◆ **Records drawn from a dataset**
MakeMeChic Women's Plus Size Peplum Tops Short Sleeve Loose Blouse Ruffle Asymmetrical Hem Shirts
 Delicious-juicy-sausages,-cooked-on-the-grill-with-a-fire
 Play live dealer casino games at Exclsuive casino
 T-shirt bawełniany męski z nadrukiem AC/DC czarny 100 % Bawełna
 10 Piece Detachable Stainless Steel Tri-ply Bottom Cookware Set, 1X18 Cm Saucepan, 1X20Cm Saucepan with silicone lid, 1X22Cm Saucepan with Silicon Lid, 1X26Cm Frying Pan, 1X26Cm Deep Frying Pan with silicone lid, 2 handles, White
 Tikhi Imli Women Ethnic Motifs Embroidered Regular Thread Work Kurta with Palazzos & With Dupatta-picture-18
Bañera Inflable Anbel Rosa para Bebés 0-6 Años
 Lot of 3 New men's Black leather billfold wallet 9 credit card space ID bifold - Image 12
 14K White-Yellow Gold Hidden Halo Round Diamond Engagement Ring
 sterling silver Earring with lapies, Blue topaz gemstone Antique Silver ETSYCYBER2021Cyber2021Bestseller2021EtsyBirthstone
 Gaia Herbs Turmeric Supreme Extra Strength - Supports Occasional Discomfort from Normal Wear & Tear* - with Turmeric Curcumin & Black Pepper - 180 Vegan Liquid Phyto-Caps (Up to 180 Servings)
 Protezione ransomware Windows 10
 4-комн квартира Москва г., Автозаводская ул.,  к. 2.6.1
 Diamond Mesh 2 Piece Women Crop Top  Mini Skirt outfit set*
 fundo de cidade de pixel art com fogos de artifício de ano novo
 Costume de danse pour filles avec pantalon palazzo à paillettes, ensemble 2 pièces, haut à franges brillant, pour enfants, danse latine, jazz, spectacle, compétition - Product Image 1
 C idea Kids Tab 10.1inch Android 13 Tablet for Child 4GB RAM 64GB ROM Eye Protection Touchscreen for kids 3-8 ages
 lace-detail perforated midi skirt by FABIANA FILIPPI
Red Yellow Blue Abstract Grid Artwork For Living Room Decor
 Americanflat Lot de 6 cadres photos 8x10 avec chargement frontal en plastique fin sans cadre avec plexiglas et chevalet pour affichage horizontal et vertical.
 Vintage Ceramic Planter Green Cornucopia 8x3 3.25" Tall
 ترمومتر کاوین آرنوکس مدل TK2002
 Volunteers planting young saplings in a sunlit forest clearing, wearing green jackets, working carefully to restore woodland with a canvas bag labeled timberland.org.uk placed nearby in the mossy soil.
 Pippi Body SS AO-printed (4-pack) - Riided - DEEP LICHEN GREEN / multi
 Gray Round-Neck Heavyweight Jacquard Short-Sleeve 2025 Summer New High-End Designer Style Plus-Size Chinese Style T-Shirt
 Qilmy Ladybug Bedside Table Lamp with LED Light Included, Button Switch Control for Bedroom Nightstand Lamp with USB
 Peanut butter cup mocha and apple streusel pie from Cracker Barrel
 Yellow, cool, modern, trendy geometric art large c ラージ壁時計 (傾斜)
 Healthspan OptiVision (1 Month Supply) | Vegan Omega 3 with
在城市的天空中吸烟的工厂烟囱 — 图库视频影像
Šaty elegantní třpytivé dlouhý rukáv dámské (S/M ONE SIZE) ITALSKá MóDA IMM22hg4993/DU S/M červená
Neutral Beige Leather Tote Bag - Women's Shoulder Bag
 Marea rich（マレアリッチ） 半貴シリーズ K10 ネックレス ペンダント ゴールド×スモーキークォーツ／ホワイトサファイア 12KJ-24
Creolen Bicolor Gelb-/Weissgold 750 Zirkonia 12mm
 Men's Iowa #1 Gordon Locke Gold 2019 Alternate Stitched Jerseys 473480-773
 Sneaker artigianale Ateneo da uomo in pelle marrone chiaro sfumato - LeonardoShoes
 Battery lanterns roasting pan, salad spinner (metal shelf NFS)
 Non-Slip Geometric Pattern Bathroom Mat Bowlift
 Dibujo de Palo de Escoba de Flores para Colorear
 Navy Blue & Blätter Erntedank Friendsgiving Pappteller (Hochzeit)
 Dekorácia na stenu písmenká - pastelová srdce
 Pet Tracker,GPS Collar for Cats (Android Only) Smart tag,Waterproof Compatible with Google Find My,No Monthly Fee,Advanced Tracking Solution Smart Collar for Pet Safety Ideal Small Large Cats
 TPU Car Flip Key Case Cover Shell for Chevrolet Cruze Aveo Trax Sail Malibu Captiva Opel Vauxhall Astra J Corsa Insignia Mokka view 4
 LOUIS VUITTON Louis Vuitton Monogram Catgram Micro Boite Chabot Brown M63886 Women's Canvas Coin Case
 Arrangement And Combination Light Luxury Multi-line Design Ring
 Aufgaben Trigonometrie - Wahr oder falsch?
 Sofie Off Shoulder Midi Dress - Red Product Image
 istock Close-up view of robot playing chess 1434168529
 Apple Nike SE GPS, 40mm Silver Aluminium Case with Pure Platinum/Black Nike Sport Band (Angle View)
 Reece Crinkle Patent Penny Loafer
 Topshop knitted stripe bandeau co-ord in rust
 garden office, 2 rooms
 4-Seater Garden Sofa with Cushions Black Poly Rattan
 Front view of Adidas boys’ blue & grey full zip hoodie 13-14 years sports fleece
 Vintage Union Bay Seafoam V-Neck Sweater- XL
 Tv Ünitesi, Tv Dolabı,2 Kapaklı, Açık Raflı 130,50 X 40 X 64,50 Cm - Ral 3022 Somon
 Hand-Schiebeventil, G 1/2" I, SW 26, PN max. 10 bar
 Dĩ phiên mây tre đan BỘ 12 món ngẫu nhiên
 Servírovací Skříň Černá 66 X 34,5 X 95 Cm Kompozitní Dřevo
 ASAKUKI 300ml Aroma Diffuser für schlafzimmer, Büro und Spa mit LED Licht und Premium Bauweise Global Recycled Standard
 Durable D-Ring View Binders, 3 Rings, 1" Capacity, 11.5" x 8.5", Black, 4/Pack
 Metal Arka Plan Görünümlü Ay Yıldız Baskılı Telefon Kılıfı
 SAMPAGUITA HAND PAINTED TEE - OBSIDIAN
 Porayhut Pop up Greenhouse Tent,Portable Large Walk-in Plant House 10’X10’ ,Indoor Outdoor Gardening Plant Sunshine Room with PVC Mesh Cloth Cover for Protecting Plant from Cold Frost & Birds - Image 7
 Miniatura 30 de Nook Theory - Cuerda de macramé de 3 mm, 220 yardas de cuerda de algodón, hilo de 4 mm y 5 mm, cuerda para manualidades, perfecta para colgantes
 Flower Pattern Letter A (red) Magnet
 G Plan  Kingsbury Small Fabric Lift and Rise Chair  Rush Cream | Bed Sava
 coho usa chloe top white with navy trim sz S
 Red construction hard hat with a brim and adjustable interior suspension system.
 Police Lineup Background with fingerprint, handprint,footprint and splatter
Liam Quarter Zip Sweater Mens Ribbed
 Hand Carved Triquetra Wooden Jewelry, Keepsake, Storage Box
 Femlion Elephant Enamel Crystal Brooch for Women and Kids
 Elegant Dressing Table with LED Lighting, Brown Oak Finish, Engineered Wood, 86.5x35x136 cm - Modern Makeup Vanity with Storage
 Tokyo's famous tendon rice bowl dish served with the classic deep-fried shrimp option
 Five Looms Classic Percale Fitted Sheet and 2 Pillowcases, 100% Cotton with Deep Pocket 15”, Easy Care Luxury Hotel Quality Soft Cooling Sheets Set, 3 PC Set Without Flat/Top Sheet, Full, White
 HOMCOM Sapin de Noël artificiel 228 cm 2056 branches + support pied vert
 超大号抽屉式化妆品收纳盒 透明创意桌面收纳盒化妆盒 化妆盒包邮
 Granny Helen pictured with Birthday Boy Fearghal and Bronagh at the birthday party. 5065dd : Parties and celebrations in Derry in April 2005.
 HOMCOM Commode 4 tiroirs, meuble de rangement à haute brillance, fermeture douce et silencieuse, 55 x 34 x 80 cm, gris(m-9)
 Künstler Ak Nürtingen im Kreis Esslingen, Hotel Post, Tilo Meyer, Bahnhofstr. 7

◆ **TASK BRIEF**
From the entries above, give again exactly the lines running from the line with "Marea rich（マレアリッチ） 半貴シリーズ" to the line with "Arrangement And Combination"; include both of those lines.

◆ **ANSWER SECTION**
 Marea rich（マレアリッチ） 半貴シリーズ K10 ネックレス ペンダント ゴールド×スモーキークォーツ／ホワイトサファイア 12KJ-24
Creolen Bicolor Gelb-/Weissgold 750 Zirkonia 12mm
 Men's Iowa #1 Gordon Locke Gold 2019 Alternate Stitched Jerseys 473480-773
 Sneaker artigianale Ateneo da uomo in pelle marrone chiaro sfumato - LeonardoShoes
 Battery lanterns roasting pan, salad spinner (metal shelf NFS)
 Non-Slip Geometric Pattern Bathroom Mat Bowlift
 Dibujo de Palo de Escoba de Flores para Colorear
 Navy Blue & Blätter Erntedank Friendsgiving Pappteller (Hochzeit)
 Dekorácia na stenu písmenká - pastelová srdce
 Pet Tracker,GPS Collar for Cats (Android Only) Smart tag,Waterproof Compatible with Google Find My,No Monthly Fee,Advanced Tracking Solution Smart Collar for Pet Safety Ideal Small Large Cats
 TPU Car Flip Key Case Cover Shell for Chevrolet Cruze Aveo Trax Sail Malibu Captiva Opel Vauxhall Astra J Corsa Insignia Mokka view 4
 LOUIS VUITTON Louis Vuitton Monogram Catgram Micro Boite Chabot Brown M63886 Women's Canvas Coin Case
 Arrangement And Combination Light Luxury Multi-line Design Ring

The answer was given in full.